> [Data]:
╭──
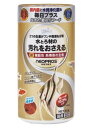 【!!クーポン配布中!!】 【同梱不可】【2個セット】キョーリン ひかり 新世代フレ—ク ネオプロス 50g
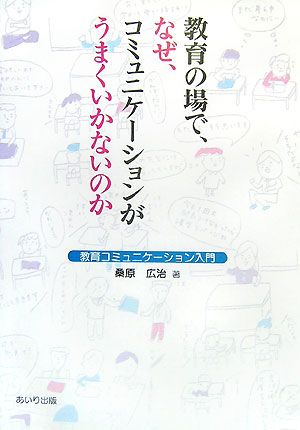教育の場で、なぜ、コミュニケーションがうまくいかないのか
╰──
╭──
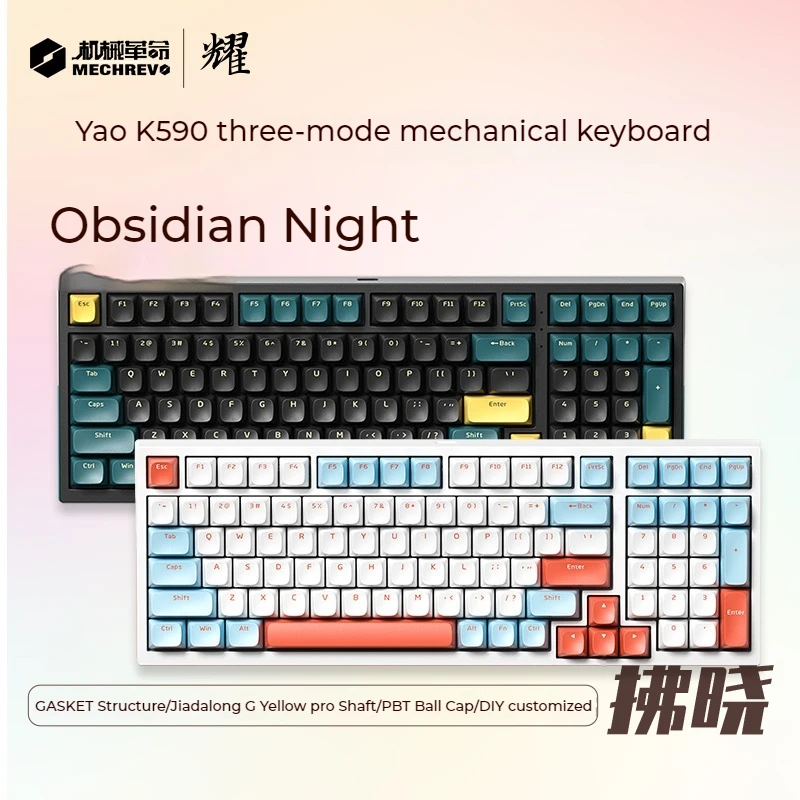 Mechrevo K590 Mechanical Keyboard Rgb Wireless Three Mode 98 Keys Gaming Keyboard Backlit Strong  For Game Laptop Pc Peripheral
╰──
> [What to produce]: Using the entries above, repeat exactly the lines from the one with "新世代フレ—ク ネオプロス 50g" to the one with "教育の場で、なぜ、コミュニケーションがうまくいかないのか", both included, and leave the pictures behind.

> [Reply]:
 【!!クーポン配布中!!】 【同梱不可】【2個セット】キョーリン ひかり 新世代フレ—ク ネオプロス 50g
教育の場で、なぜ、コミュニケーションがうまくいかないのか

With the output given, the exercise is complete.